Akuisisi ini membuat Kroc dan Sonneborn semakin leluasa menjalankan sistem bisnisnya. Keduanya banyak menghabiskan waktu di jalan dan di udara, mencari dan membeli lahan-lahan potensial untuk dijadikan restoran McDonald’s dan kemudian disewakan kepada para franchisee. Pada 1963, restoran McDonald’s sudah berdiri di lebih dari 500 lokasi di Amerika Serikat. Pada 1967, McDonald’s membuka restoran pertama mereka di luar negeri — di Kanada.
Per 2020, McDonald’s sudah memiliki 39.198 restoran yang tersebar di seluruh dunia. Di Amerika Serikat dan di mana saja, semuanya berdiri di lahan milik McDonald’s dan semuanya berada di lokasi strategis: di sudut jalan sehingga signage dengan mudah terlihat dari dua arah; dan/atau di persimpangan dengan lampu merah. Bahkan McDonald’s juga menggunakan traffic analysist dan walking patterns dalam menentukan lokasi restoran-restoran mereka.

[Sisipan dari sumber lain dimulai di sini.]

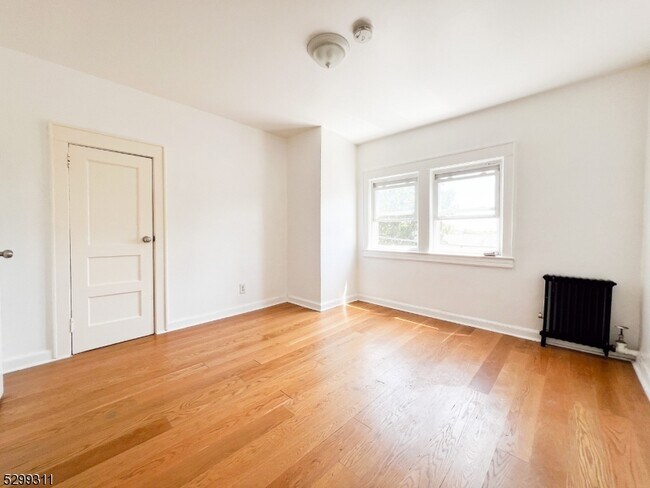 Building Photo - 33 Oraton St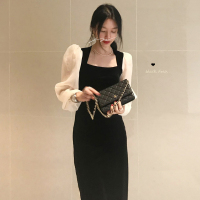 大码胖mm遮肚显瘦丝绒连衣裙女春装新款高腰减龄赫本风法式小黑裙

Meski begitu, sebenarnya hal-hal di atas adalah pengetahuan umum dan pertimbangan dasar di industri real estat, bukan trik khusus yang ditemukan oleh McDonald’s. Pemilihan dan penentuan lokasi adalah cara terbaik untuk meningkatkan visibilitas. Dengan meningkatnya visibilitas, McDonald’s mendapat eksposur dan awareness yang tinggi; keduanya kemudian meningkatkan kemungkinan kunjungan dari orang-orang.
Per 2020, total nilai properti McDonald’s di seluruh dunia adalah USD41,48 miliar dolar (15,31 persen di antaranya adalah lahan). Nilai tersebut lebih tinggi dari nilai tahun 2019, yaitu USD39,05 miliar dolar. Jika disandingkan dengan perusahaan-perusahaan real estat terbesar di dunia, McDonald’s menempati posisi ketujuh — di bawah Mitsubishi Estate Company (USD54,42 miliar dolar) dan di atas GLP (USD30,49 miliar dolar).
Tentu jualan utama McDonald’s kepada para konsumennya tetap makanan cepat saji. Tetap saja hal itu tidak bisa membantah fakta bahwa pemasukan McDonald’s Corporation dari uang sewa properti jauh lebih besar dari pemasukan royalti waralaba. Dan karena McDonald’s Corporation terus membeli lahan dan mendirikan bangunan, juga karena semua aset real estat mereka berada di lokasi bernilai tinggi, nilai properti McDonald’s Corporation hanya akan terus bertambah.